== Source information
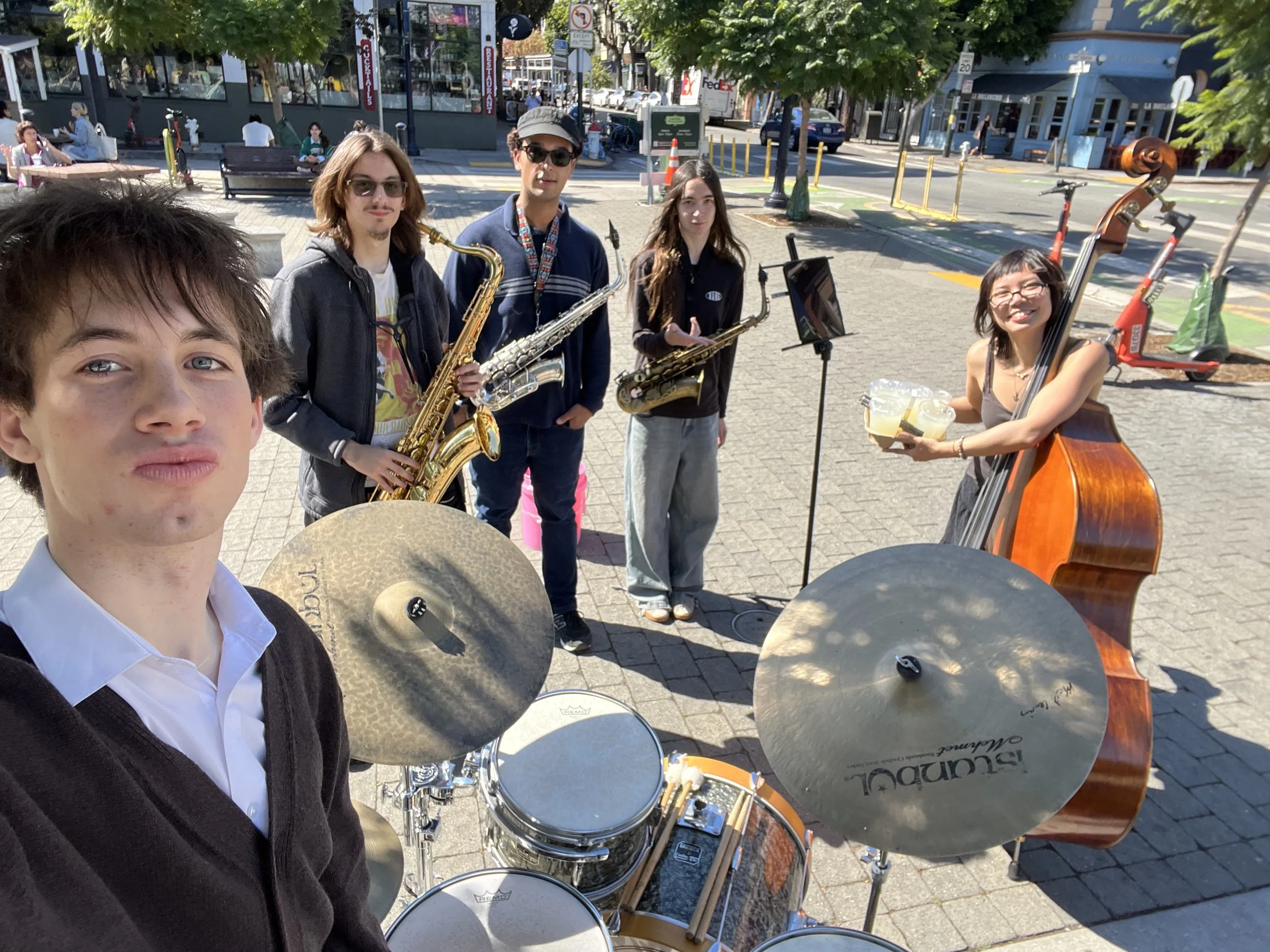 Rio Forchini, Regina Magpoc, Maxwell Goldfield-Brown, Maya Fu, and Joshua Johnston busking in Hayes Valley San Francisco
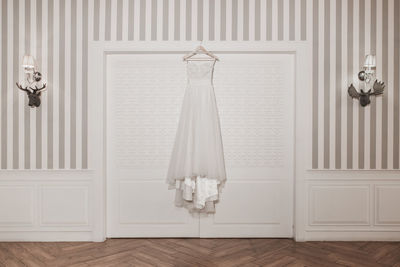 Clothes hanging on white wall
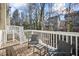 Outdoor deck with patio furniture, providing a relaxing space with views of the surrounding trees and neighborhood at 8540 Hope Mews Ct, Atlanta, GA 30350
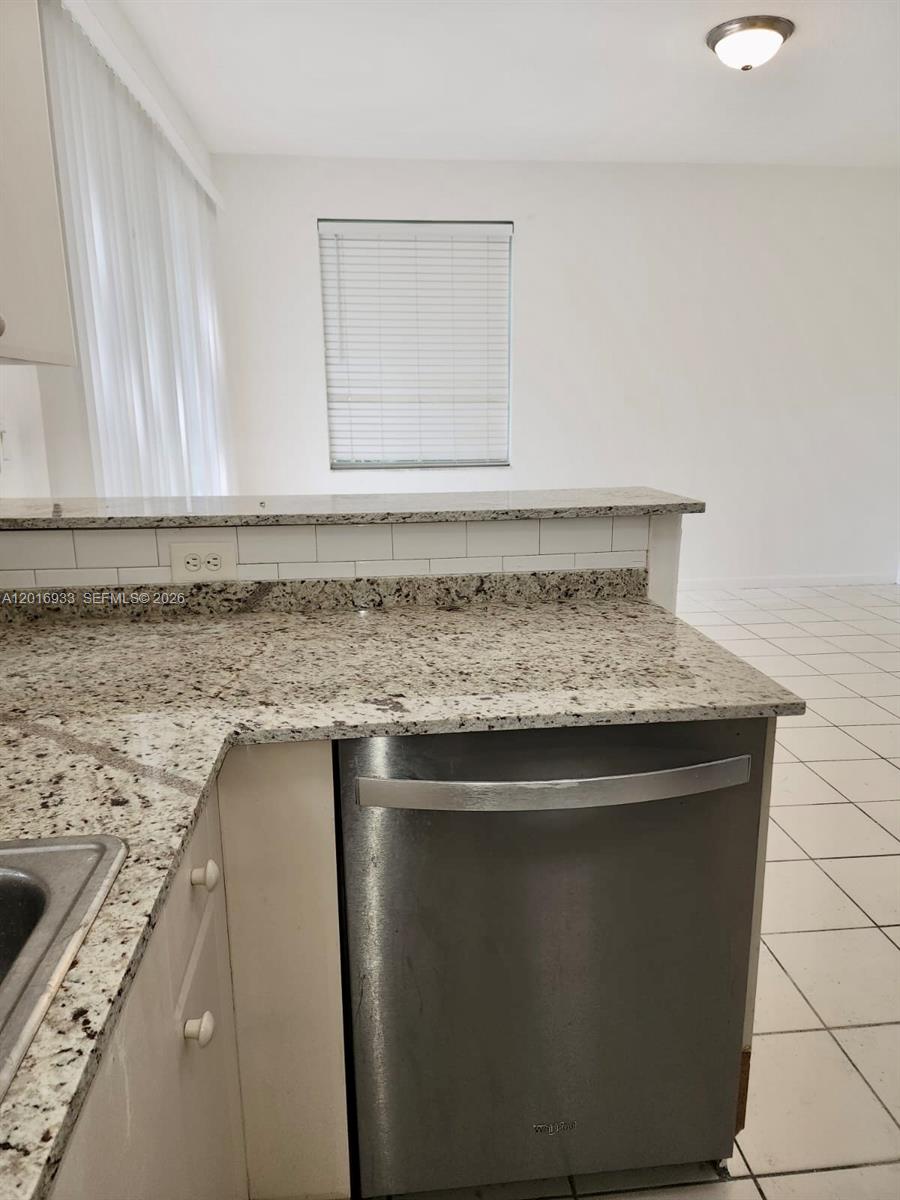 A kitchen features granite countertops, a stainless steel dishwasher, and white subway tile backsplash — HOMESTEAD, FL
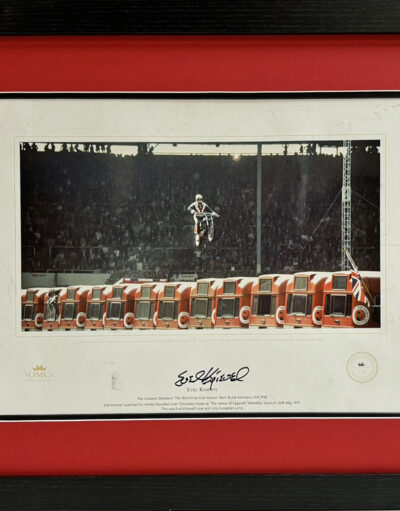 Evel Knievel Personally Signed Bus Jump Picture in Framed Presentation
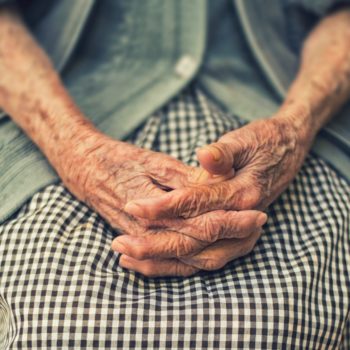 Hands of an elder resting in her apron.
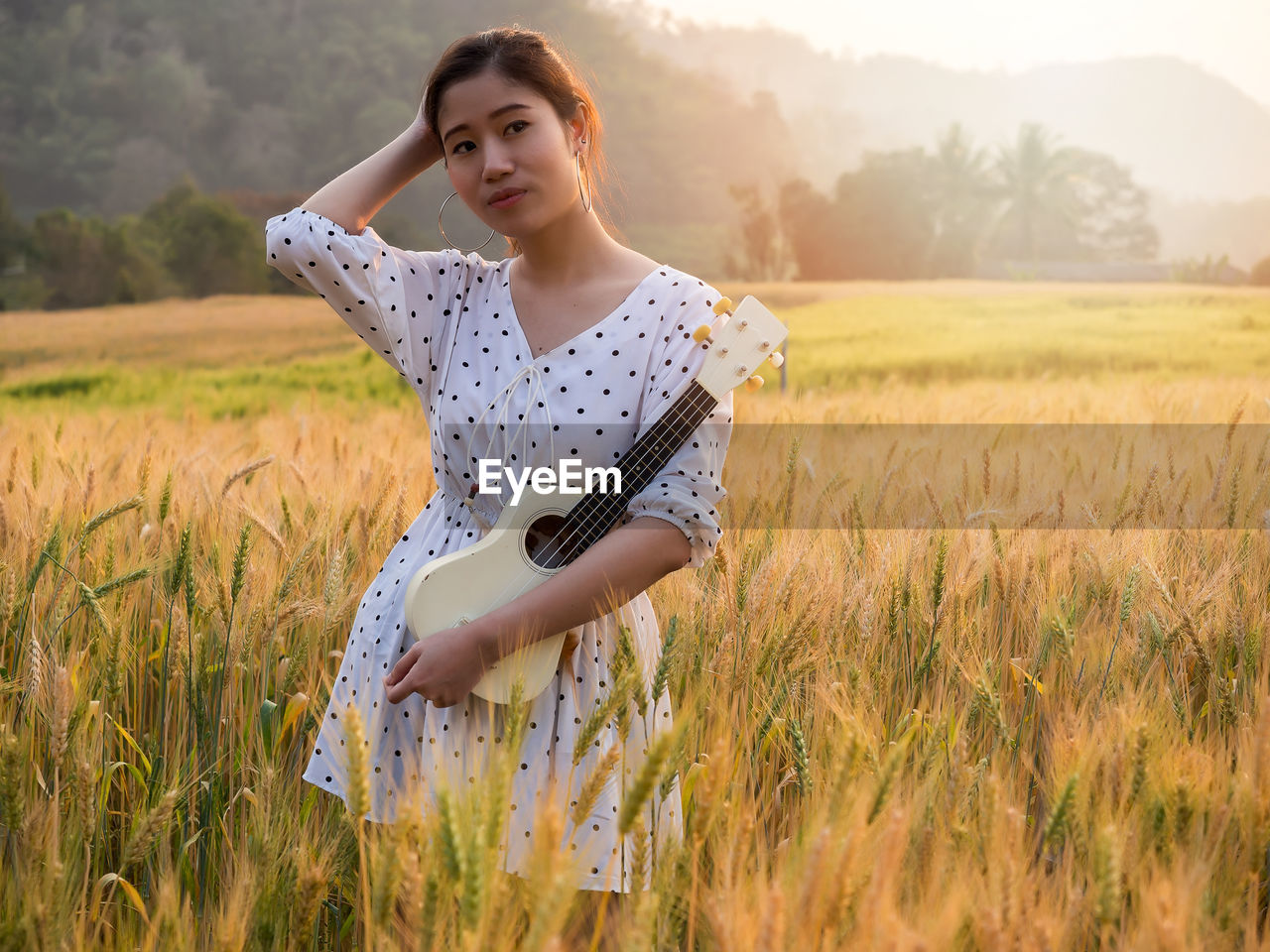 portrait of young woman standing on grassy field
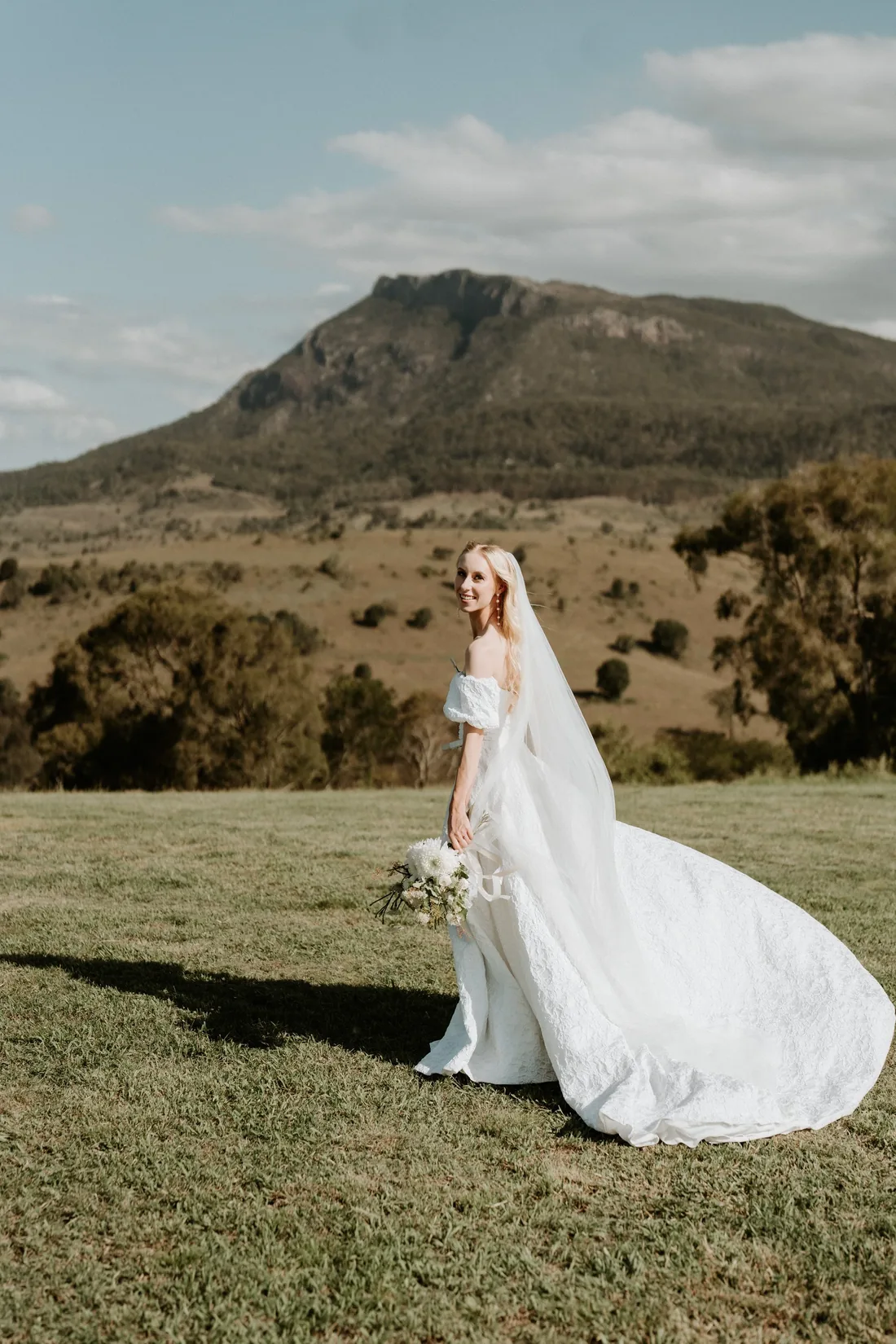Bride walking through the grass with her cathedral veil trailing behind her, mountain backdrop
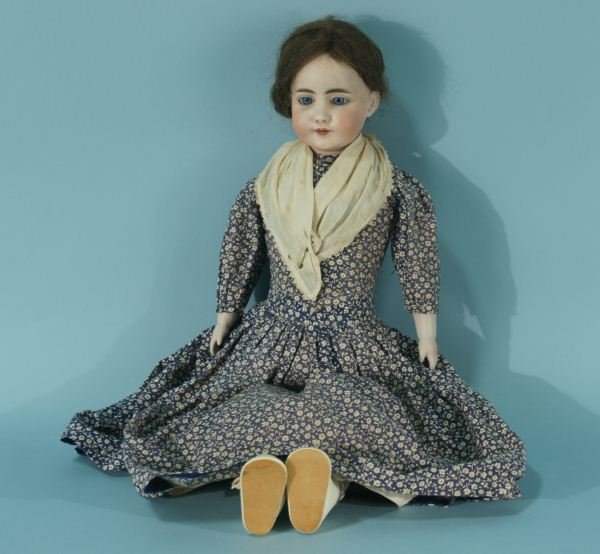 ANTIQUE DOLL: ANTIQUE DOLL. 100 YEAR OLD PORCELAIN HEAD WITH GLASS EYES, HUMAN HAIR WIG, KID GLOVE BODY STUFFED WITH SAWDUST, BISQUE FEET AND HANDS. SLIGHT SAWDUST LEAK, SOLD AS IS. Height: 22 in. by Width: 8 in. b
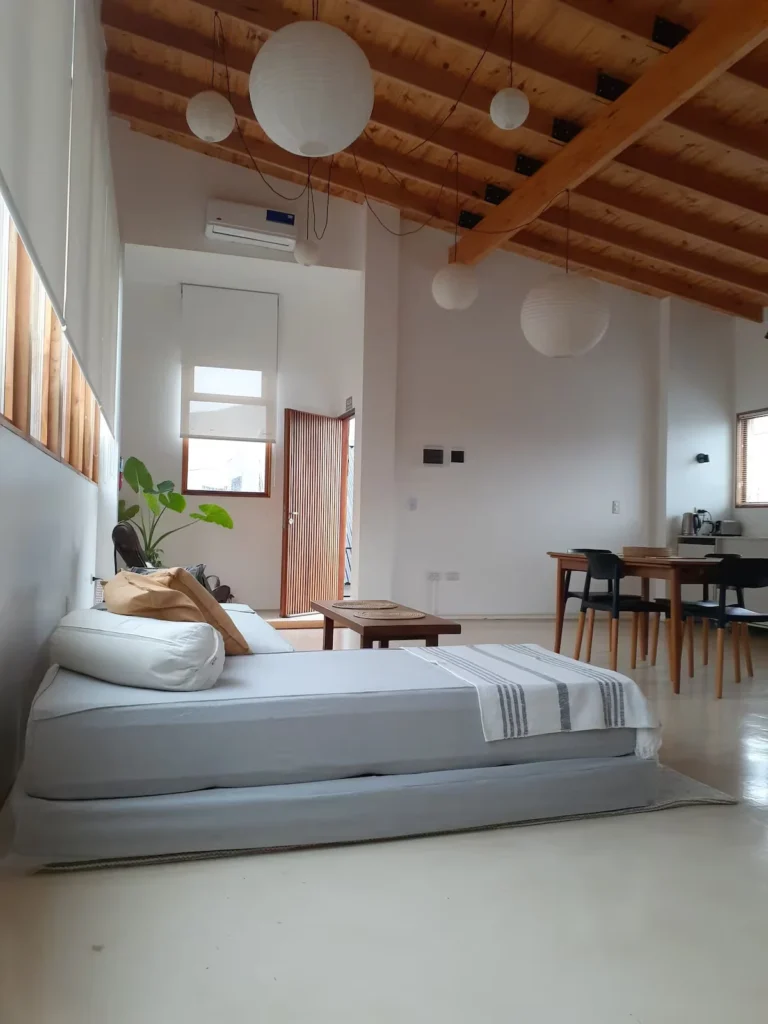 Bright minimalist loft retreat with wooden beams, paper lanterns and a low sofa-bed, offering a serene off-season getaway.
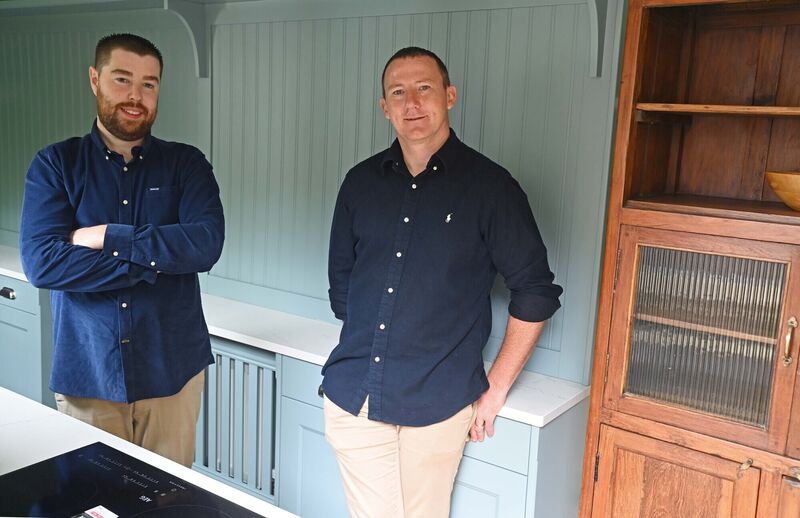 Martin and David  in their kitchen.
====
• Activity
Please return the material above only from the line that holds "A kitchen features" through the line that holds "Bride walking through", exactly as it stands, ends included and pictures omitted.

• Reply to the exercise
 A kitchen features granite countertops, a stainless steel dishwasher, and white subway tile backsplash — HOMESTEAD, FL
 Evel Knievel Personally Signed Bus Jump Picture in Framed Presentation
 Hands of an elder resting in her apron.
 portrait of young woman standing on grassy field
Bride walking through the grass with her cathedral veil trailing behind her, mountain backdrop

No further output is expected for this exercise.